A good thesis test is to append (in a draft stage) the phrase "I am going to argue that . . ." before your thesis statement. Such a phrase will often make a non-thesis sound absurd. The other test to ask yourself throughout your paper or essay is "What's the significance of this?" or the short version: "So what?" There has to be some point to your thesis, and there has to be some point to each point you make in relation to your thesis. Your paper should consist of a logically developing, unified argument, not a list of random observations. Each part should not only have a direct bearing on the thesis, but it should make explicitly clear to the reader just what the relationship to the thesis is. It's not the reader's job to figure out how a particular point relates to your thesis; it's your job to explain it.
2) Transitions are helpful to your reader. When I see a paper in which almost every paragraph begins with the word "another," I feel like I'm reading a grocery list, rather than a paper. A list of main points or pieces of evidence does not a paper make. Each section should build on the last so that the connections between your ideas are clear. This is where transitions come in.

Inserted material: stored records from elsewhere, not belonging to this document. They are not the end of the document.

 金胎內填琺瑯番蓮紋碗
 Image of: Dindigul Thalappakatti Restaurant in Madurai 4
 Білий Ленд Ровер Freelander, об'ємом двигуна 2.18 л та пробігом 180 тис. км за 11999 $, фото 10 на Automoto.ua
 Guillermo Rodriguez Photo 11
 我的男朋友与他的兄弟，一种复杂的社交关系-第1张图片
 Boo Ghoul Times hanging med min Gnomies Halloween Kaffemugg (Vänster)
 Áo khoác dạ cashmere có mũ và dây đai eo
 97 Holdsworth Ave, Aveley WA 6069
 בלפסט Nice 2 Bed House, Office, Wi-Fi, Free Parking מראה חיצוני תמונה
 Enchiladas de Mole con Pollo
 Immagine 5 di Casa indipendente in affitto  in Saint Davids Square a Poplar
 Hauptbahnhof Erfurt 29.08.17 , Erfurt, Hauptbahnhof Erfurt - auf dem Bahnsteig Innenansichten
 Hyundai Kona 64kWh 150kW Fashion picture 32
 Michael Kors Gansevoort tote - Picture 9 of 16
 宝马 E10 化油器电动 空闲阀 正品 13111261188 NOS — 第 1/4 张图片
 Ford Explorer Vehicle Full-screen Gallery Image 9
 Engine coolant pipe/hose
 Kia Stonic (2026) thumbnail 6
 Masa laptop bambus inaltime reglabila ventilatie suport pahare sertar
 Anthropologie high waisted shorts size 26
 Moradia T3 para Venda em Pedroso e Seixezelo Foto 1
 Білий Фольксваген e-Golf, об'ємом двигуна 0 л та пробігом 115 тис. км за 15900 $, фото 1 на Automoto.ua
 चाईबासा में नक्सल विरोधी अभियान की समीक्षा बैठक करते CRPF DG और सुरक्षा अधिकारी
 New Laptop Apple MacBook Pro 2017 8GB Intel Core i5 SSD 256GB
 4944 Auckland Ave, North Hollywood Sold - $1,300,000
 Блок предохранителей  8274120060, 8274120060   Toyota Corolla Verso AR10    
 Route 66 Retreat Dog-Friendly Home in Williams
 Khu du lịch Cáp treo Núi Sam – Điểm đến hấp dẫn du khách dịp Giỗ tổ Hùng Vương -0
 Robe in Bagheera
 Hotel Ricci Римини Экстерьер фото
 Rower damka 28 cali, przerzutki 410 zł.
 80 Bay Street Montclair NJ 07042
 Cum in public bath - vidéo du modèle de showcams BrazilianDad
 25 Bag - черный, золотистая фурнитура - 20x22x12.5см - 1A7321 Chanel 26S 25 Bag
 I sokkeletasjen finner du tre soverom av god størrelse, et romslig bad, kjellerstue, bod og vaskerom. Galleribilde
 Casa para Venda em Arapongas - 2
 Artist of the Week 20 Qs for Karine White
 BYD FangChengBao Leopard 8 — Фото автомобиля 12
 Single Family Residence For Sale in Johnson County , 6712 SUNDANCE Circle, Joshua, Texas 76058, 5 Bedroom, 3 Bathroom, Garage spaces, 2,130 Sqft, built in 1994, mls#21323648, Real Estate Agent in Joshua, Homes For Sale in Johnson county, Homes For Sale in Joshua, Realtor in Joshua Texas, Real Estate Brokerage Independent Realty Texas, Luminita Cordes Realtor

3) Avoid plot summary. In an English paper or essay, you can generally assume that your readers (your professor and perhaps classmates) are familiar with the work(s) being discussed. Trust me, I've read Manfred and The Prelude more times than you can possibly imagine. If you find yourself saying, first this happens, and then that happens, you're summarizing the plot, not analyzing. You should of course refer in detail to particular passages, quotes, and episodes that have a direct bearing on your thesis, but you don't need to tell the reader what happened to Jane Eyre at each stage of her life. The only exception to this would be if you have a good reason to think your reader will be totally unfamiliar with the work. For instance, a paper on Star Trek's Data as a contemporary version of Frankenstein's Creature should briefly introduce who Data is and should briefly summarize the portions of the episodes that support your thesis.
4) A paper without quotations is like . . . a paper without quotations. That is, incomplete. No matter how brilliant your analysis, it is insufficient without quotations. Quotations serve as evidence to support the claims you're making, and as illustrations of your main points. They also make your paper more interesting and show your reader that you've done your work. A list of quotations is not enough, however. You need to spend some time analyzing them in detail and explaining their significance both to the topic sentence of your paragraph and to the thesis of the paper as a whole. And avoid ending a paragraph with a long block quotation. Any long quote that's long enough to be included in your paper deserves at least a few lines of analysis, but in particular, at the end of a paragraph, a block quote leaves the reader with only an incomplete understanding of the purpose of the quotation and affords no transition to the following paragraph. Always follow a long quotation with your own discussion of its significance to your argument before going on to another topic.
5) Depth is preferable to breadth. Given the choice between writing a superficial and general discussion of five novels and an in-depth discussion of two, I would recommend the latter. In my humble opinion, the most interesting parts of a paper are the ones with detailed, thoroughly developed analysis. If you choose too large a topic, you're just asking me to think of all the items you should have discussed, but didn't. A narrow topic, however, can be thoroughly developed with a lot of concrete detail and interesting, thoughtful analysis.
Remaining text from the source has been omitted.